The Truth of Valor is the fifth novel in the Confederation series, and the first that I’ve read. Tanya Huff does a spectacular job of providing enough information for new readers without bogging things down in ungainly info-dumps—while I was tossed into the deep end of the pool to swim, I never felt as though I was struggling to stay afloat.
The Confederation novels have a completely and utterly different feel to them (and are a totally different genre) than the Huff book I reviewed a few days ago, The Enchantment Emporium. What’s so amazing about this is that they’re both incredibly good books, each has an incredibly strong style and voice, but those styles/voices are entirely different. There aren’t many authors who can carry that off at all, much less with such consistency of overall quality.

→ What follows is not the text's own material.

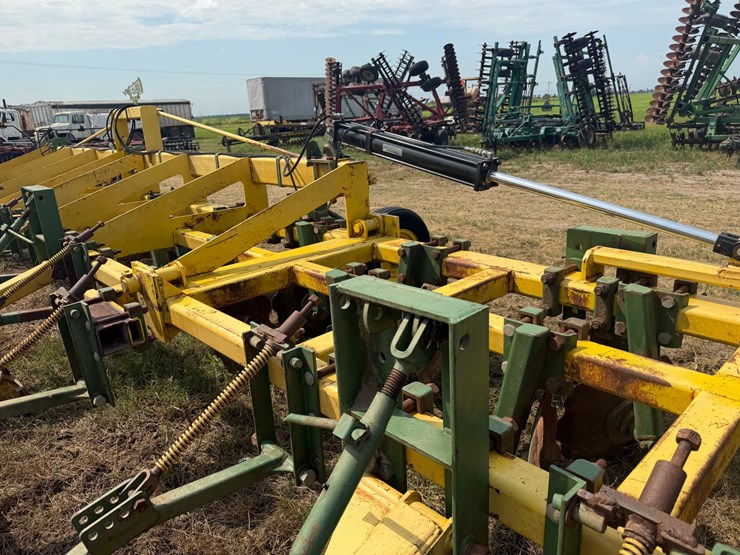 #51910-•-roll-a-cone-12-row-38"-spacing-hipper-10-3218-inv#51910-image-18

Where Emporium was breezy, whimsical, and light, Truth is militaristic, driving, tense, and dark. There’s plenty of action and danger, as well as a plethora of fight scenes that never feel repetitive or dull. Huff’s sense of pacing is deft and skilled, winding up the tension repeatedly, delivering on promised climaxes, and lightening the mood here and there as appropriate.
The characterization is, once again, one of my favorite aspects of her writing. Torin’s intensity and her spiral into dark places as she searches for Craig come across beautifully. There are enough members of each alien race that while each race has a sort of archetype or stereotype associated with it, individuals vary nicely. Characters aren’t too perfect and never lack for dimension. Ms. Huff provides some of the best examples I’ve seen of dark, nasty, and insane characters that aren’t cartoonish.
I loved The Truth of Valor enough that I purchased the first four books in the series just hours after I’d finished this one. It’s hard to give a stronger recommendation than that.